Em todas estas cidades estado do norte da Itália o governante, rei, príncipe, duque ou
outro dos muitos títulos com que eram designados, detinha o poder absoluto. Era um
regime absolutista, mas ao mesmo tempo era um tipo de regime absolutista bastante
diverso das monarquias absolutistas que estavam se formando na França, na Espanha e
na Inglaterra.
A diferença estava em que na Espanha, na França e na Inglaterra o rei era absolutista
mas era um rei legítimo. Todos sabiam quem era o rei e qual era o título legal que lhe
dava o direito de ser rei. Não era aquele que o quisesse que poderia ser rei quando
bem lhe aprouvesse. Quando o rei falecia, o seu reino era entregue ao seu sucessor de
direito.
Já no norte da Itália o poder era absoluto mas quem governava geralmente não era um
governante legítimo. Os governantes ali não detinham o poder por algum título que os
legitimasse, nem sequer geralmente se davam ao trabalho de tentar forjar um título
falso para ostentarem uma aparente legitimidade.
Os que governavam no norte da Itália conseguiam o poder não porque o tivessem
herdado ou porque tivessem sido eleitos, mas porque eles ou os seus antecessores
próximos tinham por meio de algum golpe derrubado ou assassinado o governante
anterior. Eles eram senhores absolutos não porque havia algum direito que de alguma
forma poderia ser invocado para que lhes fosse atribuído este poder, mas porque pela
força haviam derrubado ou assassinado a quem antes deles estava no poder.

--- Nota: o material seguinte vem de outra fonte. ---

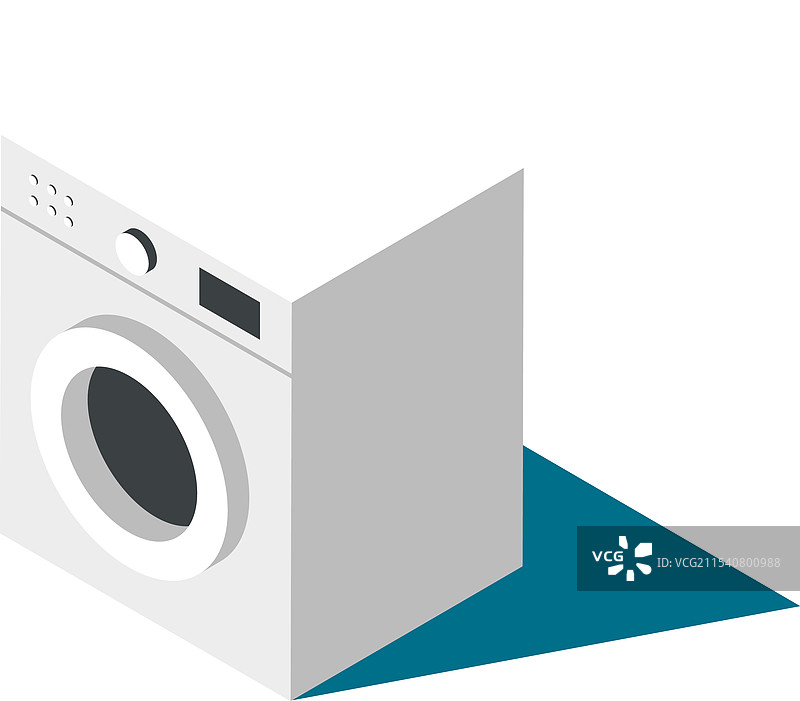 现代洗衣机投射出青色的阴影图片素材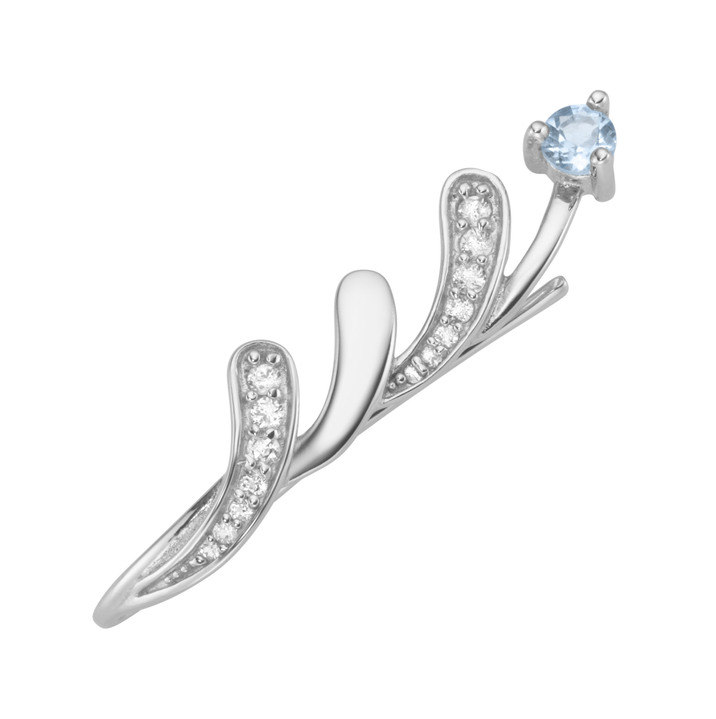 Ohrschmuck - Moderne Ohrhaken mit Blautopas und Zirkonia, in Farbe  Ansicht 3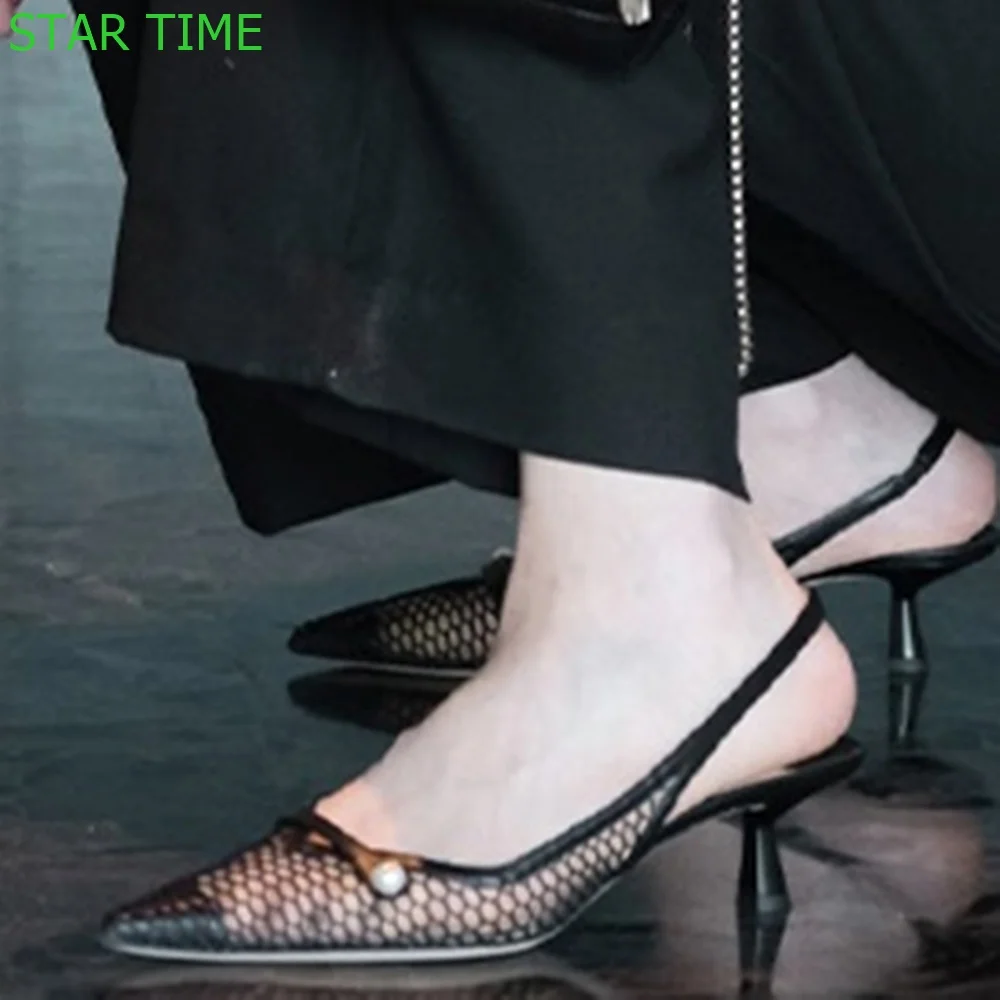 Mesh Pointed Toe Pearl Hollow Sandals 2024 Summer New Casual Back Strap Stiletto Sandals Solid Color Fashion Women High Heels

Se, a partir daí, o novo governante conseguisse sobreviver até a sua morte natural, isto
não significava necessariamente que o seu herdeiro tomaria o poder. Se o herdeiro
tivesse força política e militar suficiente para se manter no poder, continuaria
governando. Caso contrário, outro mais forte governaria no seu lugar.
As pessoas tinham consciência de que nenhum daqueles governantes era legítimo, e
que eles somente se mantinham no poder porque conseguiam matar quem lhes fazia
oposição, e geralmente isto era tão evidente que não se tentava fazer crer que fosse
diferente.
A ilegitimidade era tão flagrante que, embora todos os governantes do norte da Itália
fossem súditos do Sacro Império Romano Germânico, de fato nenhum deles se
comportava como tal, mas também nunca nenhum deles teve a coragem de romper
nominalmente com o Imperador e se declarar governante de uma República ou
Principado independente. Tratava-se simplesmente do poder do mais forte.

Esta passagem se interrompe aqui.